A rápida tramitação da PEC, que estabelece que o reconhecimento de uma terra indígena exige a comprovação de sua ocupação na data da promulgação da Constituição, em 5 de outubro de 1988, foi possibilitada por um mecanismo de celeridade. A senadora Tereza Cristina (PP-MS) desempenhou um papel crucial no processo, ao apresentar um calendário especial que permitiu que a votação em primeiro e segundo turnos fosse concluída no mesmo dia.
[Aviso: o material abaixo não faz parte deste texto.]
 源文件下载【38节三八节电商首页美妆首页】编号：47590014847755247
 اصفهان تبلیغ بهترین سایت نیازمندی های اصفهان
Representante da bancada ruralista e ex-ministra da Agricultura, Tereza Cristina defendeu a aprovação, justificando que o Congresso está cumprindo seu dever de legislar sobre temas de grande impacto econômico e social. Segundo a senadora, a medida tem o objetivo de garantir "previsibilidade produtiva, paz no campo e estabilidade fundiária" para o setor agropecuário.
O texto, que busca blindar o setor produtivo e fornecer segurança jurídica a áreas não ocupadas antes da data limite, segue agora para análise e deliberação da Câmara dos Deputados.
A votação do Senado ocorreu em um contexto de disputa com o Supremo Tribunal Federal (STF), que já havia se posicionado majoritariamente contra a tese do marco temporal em decisões anteriores, e estava com o tema pautado para julgamento na semana da aprovação. Enquanto ruralistas apoiam o avanço da PEC como essencial, entidades e lideranças indígenas criticam a medida, classificando-a como um retrocesso e uma ameaça direta aos direitos constitucionais e aos territórios tradicionais dos povos originários.